### Work to complete
In the material below, the lines from the one containing "Juego de Mesa" through the one containing "Illustrated Vector Lace" are to be given again exactly, ends included, and no others.

### Source data
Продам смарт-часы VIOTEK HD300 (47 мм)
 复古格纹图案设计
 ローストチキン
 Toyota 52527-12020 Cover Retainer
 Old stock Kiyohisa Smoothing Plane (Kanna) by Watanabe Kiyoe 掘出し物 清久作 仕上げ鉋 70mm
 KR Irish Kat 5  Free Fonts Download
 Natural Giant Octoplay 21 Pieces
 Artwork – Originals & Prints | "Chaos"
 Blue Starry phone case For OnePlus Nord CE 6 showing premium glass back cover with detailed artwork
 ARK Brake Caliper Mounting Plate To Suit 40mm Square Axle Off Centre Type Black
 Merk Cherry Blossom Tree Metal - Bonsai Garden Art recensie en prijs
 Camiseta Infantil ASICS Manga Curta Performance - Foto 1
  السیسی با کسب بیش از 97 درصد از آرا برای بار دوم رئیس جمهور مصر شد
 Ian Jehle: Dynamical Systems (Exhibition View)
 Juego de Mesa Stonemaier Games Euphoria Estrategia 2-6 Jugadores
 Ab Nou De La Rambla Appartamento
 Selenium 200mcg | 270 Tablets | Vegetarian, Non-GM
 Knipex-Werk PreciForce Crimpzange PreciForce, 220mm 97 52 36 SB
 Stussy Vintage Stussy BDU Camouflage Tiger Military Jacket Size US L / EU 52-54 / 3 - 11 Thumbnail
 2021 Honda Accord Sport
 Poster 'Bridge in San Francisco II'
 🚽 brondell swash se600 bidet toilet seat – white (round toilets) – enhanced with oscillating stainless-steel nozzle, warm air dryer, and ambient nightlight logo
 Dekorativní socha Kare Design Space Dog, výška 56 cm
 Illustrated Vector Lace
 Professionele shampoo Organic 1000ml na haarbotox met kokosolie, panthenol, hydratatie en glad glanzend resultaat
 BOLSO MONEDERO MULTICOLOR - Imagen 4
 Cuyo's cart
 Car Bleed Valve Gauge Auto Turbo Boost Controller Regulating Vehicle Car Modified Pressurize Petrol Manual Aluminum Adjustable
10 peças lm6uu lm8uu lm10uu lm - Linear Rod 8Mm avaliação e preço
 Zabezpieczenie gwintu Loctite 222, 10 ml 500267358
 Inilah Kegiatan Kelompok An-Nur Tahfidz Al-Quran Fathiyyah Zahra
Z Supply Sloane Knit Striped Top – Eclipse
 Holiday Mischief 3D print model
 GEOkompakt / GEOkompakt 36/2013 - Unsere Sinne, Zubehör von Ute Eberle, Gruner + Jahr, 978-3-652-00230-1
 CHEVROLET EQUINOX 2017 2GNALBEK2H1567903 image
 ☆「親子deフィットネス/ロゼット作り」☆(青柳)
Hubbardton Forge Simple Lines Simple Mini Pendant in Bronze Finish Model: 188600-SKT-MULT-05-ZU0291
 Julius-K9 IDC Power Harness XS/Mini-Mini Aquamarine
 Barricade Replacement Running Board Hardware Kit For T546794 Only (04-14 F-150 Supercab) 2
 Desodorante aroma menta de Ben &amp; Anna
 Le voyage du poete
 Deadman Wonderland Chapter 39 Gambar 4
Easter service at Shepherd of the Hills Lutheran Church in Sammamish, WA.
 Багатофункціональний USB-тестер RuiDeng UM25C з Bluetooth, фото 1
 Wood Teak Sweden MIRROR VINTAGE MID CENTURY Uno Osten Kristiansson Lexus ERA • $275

### Response to this exercise
 Juego de Mesa Stonemaier Games Euphoria Estrategia 2-6 Jugadores
 Ab Nou De La Rambla Appartamento
 Selenium 200mcg | 270 Tablets | Vegetarian, Non-GM
 Knipex-Werk PreciForce Crimpzange PreciForce, 220mm 97 52 36 SB
 Stussy Vintage Stussy BDU Camouflage Tiger Military Jacket Size US L / EU 52-54 / 3 - 11 Thumbnail
 2021 Honda Accord Sport
 Poster 'Bridge in San Francisco II'
 🚽 brondell swash se600 bidet toilet seat – white (round toilets) – enhanced with oscillating stainless-steel nozzle, warm air dryer, and ambient nightlight logo
 Dekorativní socha Kare Design Space Dog, výška 56 cm
 Illustrated Vector Lace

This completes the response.